** Opening Input records block **

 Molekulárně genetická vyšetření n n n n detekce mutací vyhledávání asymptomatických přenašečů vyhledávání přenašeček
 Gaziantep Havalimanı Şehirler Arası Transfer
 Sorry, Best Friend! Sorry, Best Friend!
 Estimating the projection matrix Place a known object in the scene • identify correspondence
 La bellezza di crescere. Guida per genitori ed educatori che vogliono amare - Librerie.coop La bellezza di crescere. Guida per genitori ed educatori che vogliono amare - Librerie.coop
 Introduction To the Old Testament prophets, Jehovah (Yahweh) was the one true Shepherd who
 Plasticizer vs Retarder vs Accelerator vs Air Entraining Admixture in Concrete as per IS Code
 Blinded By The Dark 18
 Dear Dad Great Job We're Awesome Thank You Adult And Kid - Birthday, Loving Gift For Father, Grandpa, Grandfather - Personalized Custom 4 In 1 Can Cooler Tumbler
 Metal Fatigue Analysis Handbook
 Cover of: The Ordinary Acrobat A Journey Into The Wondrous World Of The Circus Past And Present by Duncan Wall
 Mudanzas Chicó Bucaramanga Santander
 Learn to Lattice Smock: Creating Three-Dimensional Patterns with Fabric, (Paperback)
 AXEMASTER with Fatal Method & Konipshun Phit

** Closing Input records block **

--- Task brief ---
Give each line of the records above again, unchanged.

--- Your solution ---
 Molekulárně genetická vyšetření n n n n detekce mutací vyhledávání asymptomatických přenašečů vyhledávání přenašeček
 Gaziantep Havalimanı Şehirler Arası Transfer
 Sorry, Best Friend! Sorry, Best Friend!
 Estimating the projection matrix Place a known object in the scene • identify correspondence
 La bellezza di crescere. Guida per genitori ed educatori che vogliono amare - Librerie.coop La bellezza di crescere. Guida per genitori ed educatori che vogliono amare - Librerie.coop
 Introduction To the Old Testament prophets, Jehovah (Yahweh) was the one true Shepherd who
 Plasticizer vs Retarder vs Accelerator vs Air Entraining Admixture in Concrete as per IS Code
 Blinded By The Dark 18
 Dear Dad Great Job We're Awesome Thank You Adult And Kid - Birthday, Loving Gift For Father, Grandpa, Grandfather - Personalized Custom 4 In 1 Can Cooler Tumbler
 Metal Fatigue Analysis Handbook
 Cover of: The Ordinary Acrobat A Journey Into The Wondrous World Of The Circus Past And Present by Duncan Wall
 Mudanzas Chicó Bucaramanga Santander
 Learn to Lattice Smock: Creating Three-Dimensional Patterns with Fabric, (Paperback)
 AXEMASTER with Fatal Method & Konipshun Phit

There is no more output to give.